### WHAT TO WORK ON
Report how many lines in the entries below have the word "Tiger" in them, and give no other words.

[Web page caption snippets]
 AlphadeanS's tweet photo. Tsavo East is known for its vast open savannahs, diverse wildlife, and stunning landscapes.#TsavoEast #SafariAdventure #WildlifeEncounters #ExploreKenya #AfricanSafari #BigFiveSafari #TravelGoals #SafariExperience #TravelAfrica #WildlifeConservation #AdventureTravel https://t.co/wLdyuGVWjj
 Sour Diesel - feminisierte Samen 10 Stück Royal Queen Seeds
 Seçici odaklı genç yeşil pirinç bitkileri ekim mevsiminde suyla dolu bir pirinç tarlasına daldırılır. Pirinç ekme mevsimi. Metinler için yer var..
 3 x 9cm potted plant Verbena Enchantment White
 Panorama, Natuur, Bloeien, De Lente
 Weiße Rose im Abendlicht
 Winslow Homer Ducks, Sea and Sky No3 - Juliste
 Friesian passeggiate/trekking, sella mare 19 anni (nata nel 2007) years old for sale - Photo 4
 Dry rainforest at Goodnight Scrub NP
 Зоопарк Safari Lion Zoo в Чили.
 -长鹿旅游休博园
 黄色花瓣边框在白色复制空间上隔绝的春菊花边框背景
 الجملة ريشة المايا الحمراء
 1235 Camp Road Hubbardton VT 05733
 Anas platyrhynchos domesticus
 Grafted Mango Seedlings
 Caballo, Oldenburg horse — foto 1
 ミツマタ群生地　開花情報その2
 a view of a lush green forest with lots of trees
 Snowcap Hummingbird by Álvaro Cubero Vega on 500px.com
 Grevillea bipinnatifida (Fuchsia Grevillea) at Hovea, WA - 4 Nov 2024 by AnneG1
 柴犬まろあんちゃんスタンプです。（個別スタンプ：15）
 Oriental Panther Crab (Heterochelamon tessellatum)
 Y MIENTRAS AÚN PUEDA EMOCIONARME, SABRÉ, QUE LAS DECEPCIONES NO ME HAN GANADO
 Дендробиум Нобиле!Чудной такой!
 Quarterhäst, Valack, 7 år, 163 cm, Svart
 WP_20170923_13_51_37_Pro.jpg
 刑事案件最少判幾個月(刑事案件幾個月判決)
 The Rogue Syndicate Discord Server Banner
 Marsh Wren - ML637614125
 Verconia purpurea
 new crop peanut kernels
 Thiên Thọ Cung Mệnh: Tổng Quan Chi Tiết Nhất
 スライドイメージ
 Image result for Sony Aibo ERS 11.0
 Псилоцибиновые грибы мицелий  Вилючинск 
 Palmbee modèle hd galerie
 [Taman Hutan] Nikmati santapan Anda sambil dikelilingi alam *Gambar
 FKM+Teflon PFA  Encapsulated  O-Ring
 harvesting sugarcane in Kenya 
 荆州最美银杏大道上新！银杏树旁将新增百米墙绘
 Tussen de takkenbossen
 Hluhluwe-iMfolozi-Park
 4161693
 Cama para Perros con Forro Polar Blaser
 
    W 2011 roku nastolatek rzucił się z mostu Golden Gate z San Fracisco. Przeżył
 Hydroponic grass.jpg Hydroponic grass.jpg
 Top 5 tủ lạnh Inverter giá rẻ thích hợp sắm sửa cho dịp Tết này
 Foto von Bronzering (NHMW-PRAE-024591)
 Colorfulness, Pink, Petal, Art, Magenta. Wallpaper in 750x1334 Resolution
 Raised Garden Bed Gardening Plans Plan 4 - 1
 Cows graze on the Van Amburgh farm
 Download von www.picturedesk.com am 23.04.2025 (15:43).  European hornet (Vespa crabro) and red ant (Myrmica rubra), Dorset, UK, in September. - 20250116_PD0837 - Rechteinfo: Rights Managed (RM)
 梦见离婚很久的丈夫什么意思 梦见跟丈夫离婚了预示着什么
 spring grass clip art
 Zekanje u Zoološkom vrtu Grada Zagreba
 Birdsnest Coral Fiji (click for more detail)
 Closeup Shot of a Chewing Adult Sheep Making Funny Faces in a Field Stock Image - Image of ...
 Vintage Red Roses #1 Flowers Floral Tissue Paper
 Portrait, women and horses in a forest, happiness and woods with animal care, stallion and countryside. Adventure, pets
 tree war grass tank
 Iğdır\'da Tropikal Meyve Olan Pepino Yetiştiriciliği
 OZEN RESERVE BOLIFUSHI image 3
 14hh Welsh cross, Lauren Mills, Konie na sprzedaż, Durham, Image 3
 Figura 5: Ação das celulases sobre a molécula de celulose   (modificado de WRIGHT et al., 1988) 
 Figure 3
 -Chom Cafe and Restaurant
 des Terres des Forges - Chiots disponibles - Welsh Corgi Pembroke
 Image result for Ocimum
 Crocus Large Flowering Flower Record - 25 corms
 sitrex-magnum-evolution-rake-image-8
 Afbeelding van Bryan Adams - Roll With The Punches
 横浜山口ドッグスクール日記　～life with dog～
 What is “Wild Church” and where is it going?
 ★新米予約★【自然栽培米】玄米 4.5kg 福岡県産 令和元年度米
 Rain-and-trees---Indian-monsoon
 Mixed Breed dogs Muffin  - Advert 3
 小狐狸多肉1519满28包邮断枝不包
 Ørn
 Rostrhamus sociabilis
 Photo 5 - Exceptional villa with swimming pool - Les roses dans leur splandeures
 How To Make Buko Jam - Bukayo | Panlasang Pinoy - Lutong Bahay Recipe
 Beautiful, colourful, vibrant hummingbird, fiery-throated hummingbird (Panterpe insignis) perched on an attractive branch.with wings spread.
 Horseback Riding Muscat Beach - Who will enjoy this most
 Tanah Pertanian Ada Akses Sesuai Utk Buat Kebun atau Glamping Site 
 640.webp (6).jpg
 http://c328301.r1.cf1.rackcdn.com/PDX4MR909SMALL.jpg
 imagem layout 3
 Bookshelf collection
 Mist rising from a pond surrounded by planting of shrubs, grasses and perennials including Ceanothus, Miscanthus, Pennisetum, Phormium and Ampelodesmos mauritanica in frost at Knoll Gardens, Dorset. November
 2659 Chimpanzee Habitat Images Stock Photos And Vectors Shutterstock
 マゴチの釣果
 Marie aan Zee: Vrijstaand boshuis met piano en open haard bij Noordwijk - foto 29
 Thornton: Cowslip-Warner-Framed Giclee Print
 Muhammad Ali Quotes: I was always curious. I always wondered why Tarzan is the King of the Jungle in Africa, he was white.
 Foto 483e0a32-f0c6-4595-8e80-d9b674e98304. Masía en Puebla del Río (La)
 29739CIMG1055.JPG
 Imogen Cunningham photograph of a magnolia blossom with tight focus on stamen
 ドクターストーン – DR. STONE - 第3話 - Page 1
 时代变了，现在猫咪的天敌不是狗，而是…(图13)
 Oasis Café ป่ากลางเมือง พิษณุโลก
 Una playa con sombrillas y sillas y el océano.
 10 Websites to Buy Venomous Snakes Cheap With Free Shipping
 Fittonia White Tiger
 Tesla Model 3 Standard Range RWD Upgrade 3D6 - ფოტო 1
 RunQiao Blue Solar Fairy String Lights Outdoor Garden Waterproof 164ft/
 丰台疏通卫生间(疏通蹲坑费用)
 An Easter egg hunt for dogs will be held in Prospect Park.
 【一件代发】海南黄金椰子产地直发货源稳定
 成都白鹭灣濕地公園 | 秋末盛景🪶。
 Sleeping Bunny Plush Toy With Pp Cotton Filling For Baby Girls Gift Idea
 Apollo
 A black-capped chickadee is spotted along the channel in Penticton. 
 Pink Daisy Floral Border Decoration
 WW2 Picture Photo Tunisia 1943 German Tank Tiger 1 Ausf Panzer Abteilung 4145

### SOLUTION FOR THIS PROBLEM
2